Damızlık Sığır Yetiştiricileri Merkez Birliği Genel Kurulu
-Gıda, Tarım ve Hayvancılık Bakanı Eker:
-''Türkiye'de soy kütüğüne kayıtlı hayvan sayısı 178
bin dolayındaydı. Son 8-9 yıl içinde soy kütüğüne
kayıtlı hayvan sayısı 2 milyon 556 bine yükseldi.
3 milyon 118 bin hayvan da ön soy kütüğüne kayıtlı''
-''Bizim gibi miras yoluyla babadan evlada tarım arazilerini
bölük pörçük eden başka bir ülke dünyada yok. Bunun mutlaka
çözülmesi gerekiyor''
-''Türkiye'de ortalama tarım işletmesi büyüklüğü 60 dekar,
bu da ortalama 7 parselden oluşuyor'' ANKARA (A.A) - Gıda, Tarım ve Hayvancılık Bakanı Mehdi Eker,
Türkiye'de soy kütüğüne kayıtlı hayvan sayısının 178 bin dolayında olduğunu
anımsatarak, son 8-9 yılda yapılan çalışmalarla rakamın 2 milyon 556 bine
yükseldiğini belirtti. Eker, ön soy kütüğüne kayıtlı hayvan sayısının da 3 milyon
118 bin olduğuna işaret etti.
Eker, Türkiye Damızlık Sığır Yetiştiricileri Merkez Birliği'nin 6. Olağan
Genel Kurulu toplantısına katıldı.
Eker burada yaptığı konuşmada, birliğin 15-16 yıllık bir geçmişi bulunduğunu
ifade ederek, 16 ilde örgütlenerek yola çıkıldığını, bugün 80 ilde örgütlü 130
bin üyeli bir yapıya kavuştuğunu anlattı.

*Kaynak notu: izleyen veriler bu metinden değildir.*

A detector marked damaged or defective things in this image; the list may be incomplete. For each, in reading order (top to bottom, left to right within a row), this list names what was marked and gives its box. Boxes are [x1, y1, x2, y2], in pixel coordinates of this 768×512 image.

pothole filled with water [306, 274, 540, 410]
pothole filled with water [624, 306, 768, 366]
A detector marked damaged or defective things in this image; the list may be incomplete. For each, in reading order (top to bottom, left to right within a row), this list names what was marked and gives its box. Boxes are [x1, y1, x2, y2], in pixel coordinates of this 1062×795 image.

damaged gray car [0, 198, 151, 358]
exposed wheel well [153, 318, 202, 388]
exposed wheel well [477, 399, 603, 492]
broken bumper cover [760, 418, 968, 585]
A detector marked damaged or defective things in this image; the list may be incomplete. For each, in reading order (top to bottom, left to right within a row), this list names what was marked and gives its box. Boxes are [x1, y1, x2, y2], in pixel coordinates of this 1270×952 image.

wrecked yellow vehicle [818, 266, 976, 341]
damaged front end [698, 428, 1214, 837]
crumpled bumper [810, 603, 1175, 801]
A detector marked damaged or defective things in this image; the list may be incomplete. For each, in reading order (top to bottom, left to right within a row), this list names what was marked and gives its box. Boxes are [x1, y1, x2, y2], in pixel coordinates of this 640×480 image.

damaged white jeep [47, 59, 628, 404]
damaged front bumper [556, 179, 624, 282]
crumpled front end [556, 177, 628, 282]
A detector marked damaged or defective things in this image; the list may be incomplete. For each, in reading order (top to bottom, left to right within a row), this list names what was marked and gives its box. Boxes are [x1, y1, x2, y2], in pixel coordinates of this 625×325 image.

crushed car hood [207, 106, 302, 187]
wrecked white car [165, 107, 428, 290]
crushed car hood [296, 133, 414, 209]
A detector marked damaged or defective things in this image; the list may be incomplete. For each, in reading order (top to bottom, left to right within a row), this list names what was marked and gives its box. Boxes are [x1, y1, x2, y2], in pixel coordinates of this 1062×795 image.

Bakan Eker, sığırcılıkta ıslah ve verim çalışmalarında birliklerin
belirleyici rolüne dikkati çekerken, ''Dünyayla rekabet edecek verimlilikte
üretim yapacak, süt verecek, et verecek hayvanlar, sığırlar yetiştireceksek,
bunun bir ölçek ekonomisi olması lazım, kaydının kuydunun olması lazım, verim
kayıtlarının, soy kütüklerinin tutulması lazım. Bütün bunlar için 1995-96'lara
kadar Türkiye bekledi. 1995-96 yıllarında başlayan bu çabayla yavaş yavaş bir
organizasyon oluştu, bugün ülkenin neredeyse tamamında örgütlü 130 bin üyesi
var'' diye konuştu.
Soy kütüğüne kayıtlı sığır sayısının AK Parti olarak göreve geldikleri
dönemde 178 bin dolayında olduğunu, 8-9 yıl içinde rakamın 2 milyon 556 bine
ulaştığını belirten Eker, 3 milyon 118 bin hayvanın da ön soy kütüğüne kayıtlı
olduğunu kaydetti.
-'Kültür ırkının oranı da yüzde 40'a yükseldi'-
Eker, kültür ırkının da önem taşıdığına işaret ederek, göreve geldiklerinde
kültür ırkının toplam sığır varlığı içindeki oranın yüzde 18-19 civarında
olduğunu, oranın bugün yüzde 40'lara ulaştığını belirtti.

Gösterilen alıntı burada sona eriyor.